We need more practicing without me hanging onto the leash. She actually caught on heeling on the left side very quickly as she was taught throughout the years on the right. The teacher said she is very good, so hopefully a few more months of classes then possibly compete in a event here in May. Good luck with your pup!


----------



## lily cd re (Jul 23, 2012)

Sookster, congratulations to you and Shooter. He did give you nice attention. He was also clearly enjoying working with you which is, as you know, a big part of what rally is about. You might have lost a point or two for his position on some of the sits as well as that funny "battle" you had with him for the down. He is nudging his butt out when he sits so he can see your face. I am sure you will work that out. I am also sure you will be on to the next level before you know it.


----------



## Sookster (Apr 11, 2011)

lily cd re said:


> Sookster, congratulations to you and Shooter. He did give you nice attention. He was also clearly enjoying working with you which is, as you know, a big part of what rally is about. You might have lost a point or two for his position on some of the sits as well as that funny "battle" you had with him for the down. He is nudging his butt out when he sits so he can see your face. I am sure you will work that out. I am also sure you will be on to the next level before you know it.
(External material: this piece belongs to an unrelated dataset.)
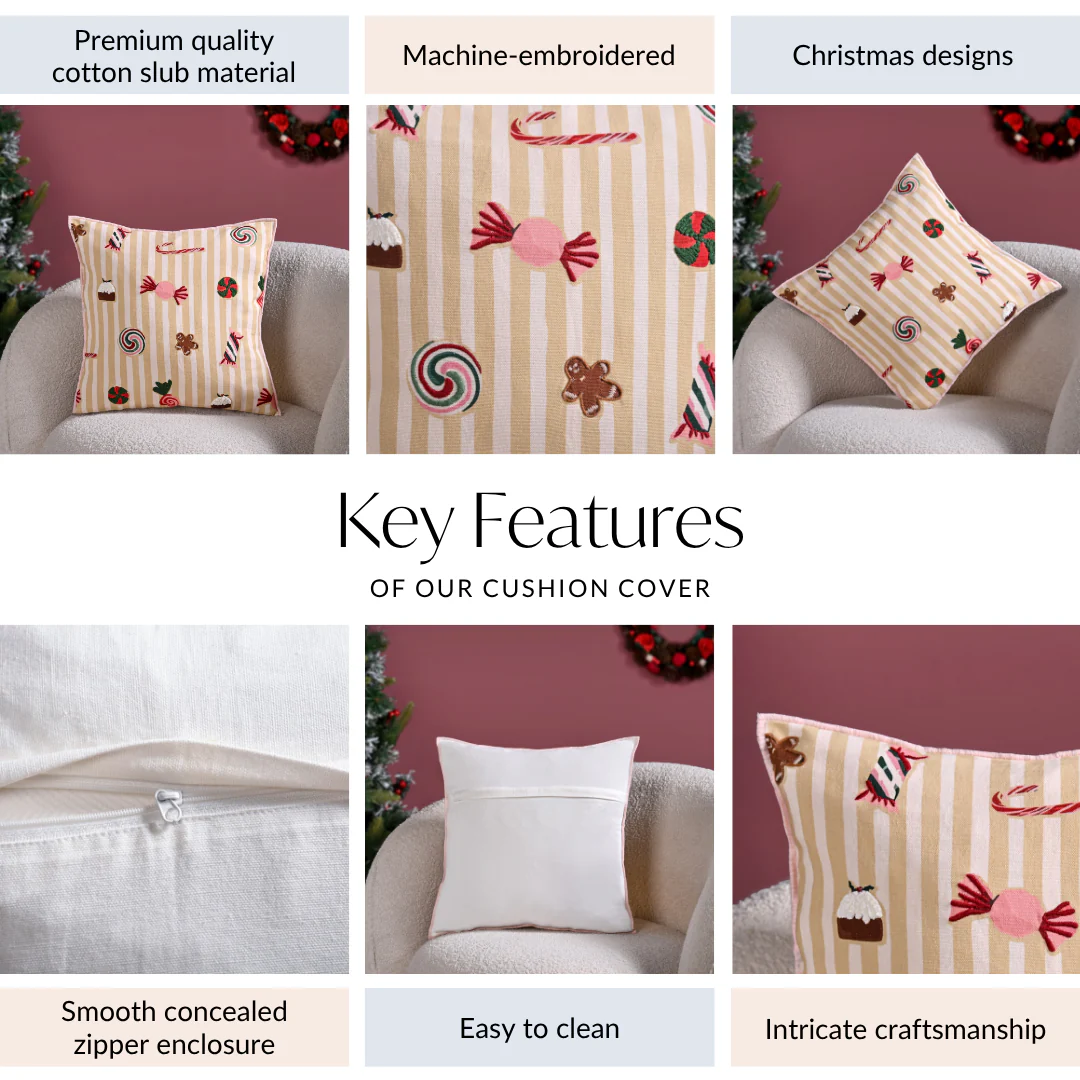 Candy Cotton Embroidered Cushion Cover 40x40cm - Image 4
Thanks! Yes, he has gotten into a habit of sitting facing me, something we need to spend a lot of time working on. No idea what was going on with that down. He's been doing downs in that position since he was 8 weeks old, and did the exact same exercise perfectly in the first trial. He just decided it was time to change it up I guess! We have a LOT of things to work on before we move up to off-leash for level 2, but we will get there. This first show was a big step for us.


----------



## outwest (May 1, 2011)

I missed this the first time. I loved the video. Every time I see a poodle wagging their tail like that, I know they are having fun, fun, fun.


----------